*** Data supplied Section Begins ***
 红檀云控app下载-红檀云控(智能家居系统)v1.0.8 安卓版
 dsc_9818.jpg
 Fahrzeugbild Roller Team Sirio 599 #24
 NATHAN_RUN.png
*** Data supplied Section Ends ***
*** Data supplied Section Begins ***
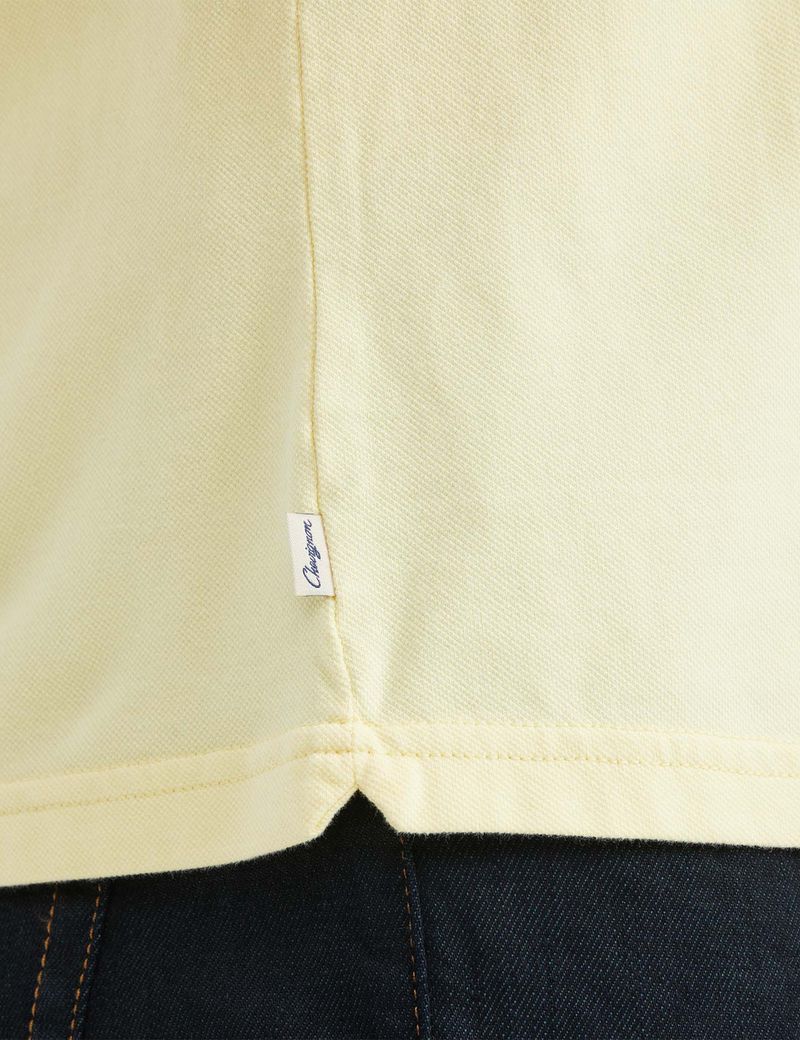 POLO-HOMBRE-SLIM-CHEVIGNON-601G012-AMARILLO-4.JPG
*** Data supplied Section Ends ***
In the listing above, find the line containing "红檀云控app下载-红檀云控(智能家居系统)v1.0.8 安卓版" and the line containing "NATHAN_RUN.png", then repeat those two lines and everything between them exactly.

 红檀云控app下载-红檀云控(智能家居系统)v1.0.8 安卓版
 dsc_9818.jpg
 Fahrzeugbild Roller Team Sirio 599 #24
 NATHAN_RUN.png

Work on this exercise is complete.